JUNE 2002 IN
RICK ASTER’S WORLD

New Optical Disk Formats

Even as DVD is catching on as the primary format for movies and CD as the new standard for computer backups, hardware manufacturers are making plans for a newer, more efficient optical disk. A wide range of disk formats are being considered.

Some manufacturers say they are trying to make a better DVD. Their prototype “second-generation DVD” formats are the exact same size as a DVD or CD, but have a higher capacity, generally between 20 and 30 gigabytes, compared to about 7 gigabytes on a typical DVD.

Others are more interested in making a smaller CD. A disk 2.5 or 3 centimeters across — about the size of a U.S. quarter — could hold the same amount of data as a CD, or slightly more, while weighing only about a gram.

Probably only one or two of the new disk formats will catch on with the general public, so engineers are competing with each other to show that their companies’ disk formats are the best designs.

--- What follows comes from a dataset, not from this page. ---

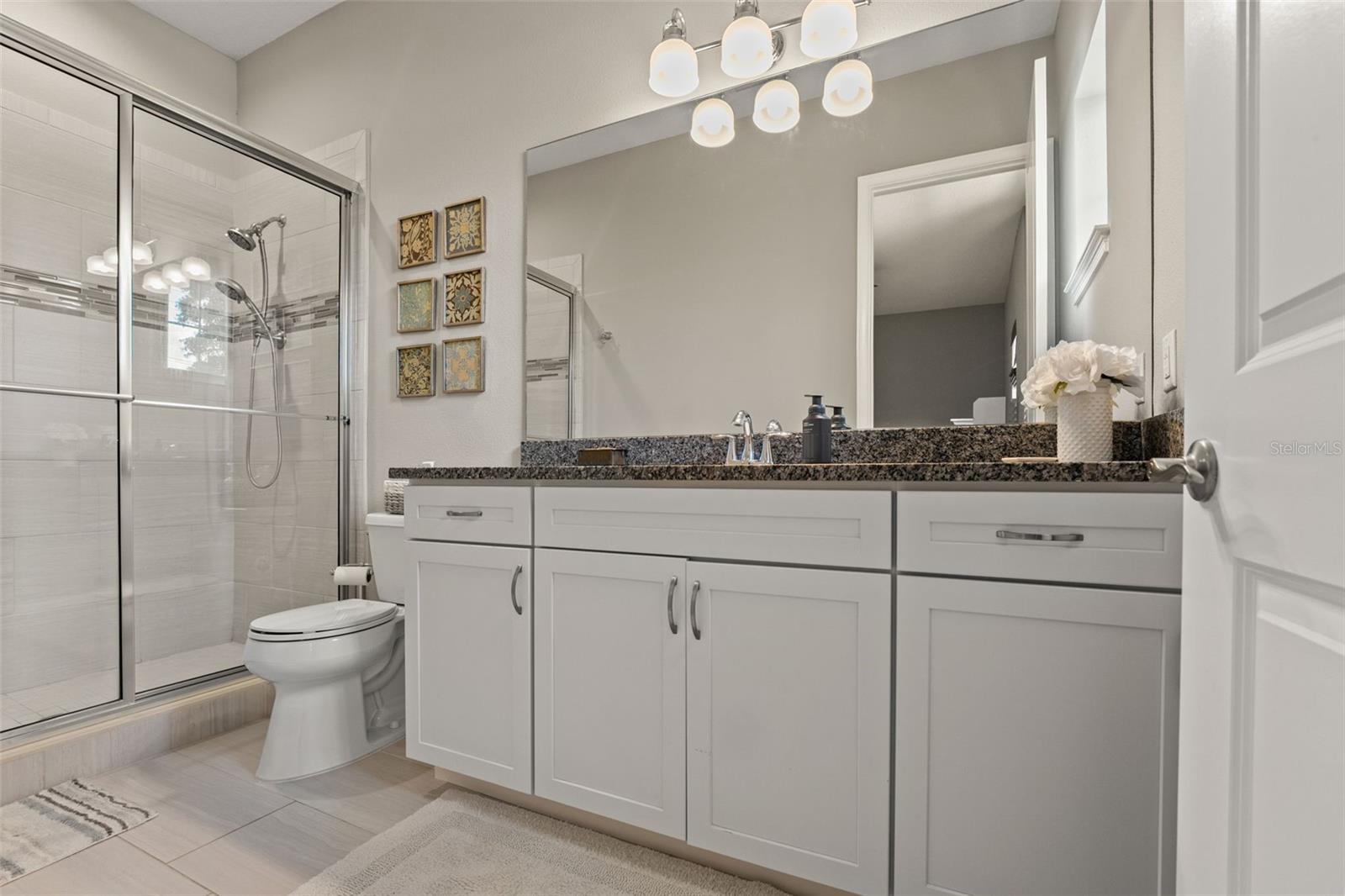 Stylish full bath with granite vanity, framed mirror, and walk-in shower with glass enclosure.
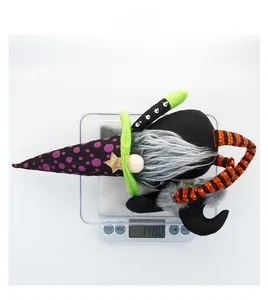 Détail d'un gnome d'Halloween avec chapeau à pois mauves posé sur une balance numérique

The disk prototypes have several things in common. They use blue lasers, which have a shorter wavelength than the red and infrared lasers used for current optical disks. It is the shorter wavelength that allows the increased data density. All the proposed disk standards will be made in three types, like CDs: injection-molded mass-produced disks for published material, and recordable and rewritable disk types based on dyes. The disks will be, at least in principle, as easy to manufacture as CDs and DVDs. And they are, engineers and analysts say, about two years away from the initial wave of product introductions.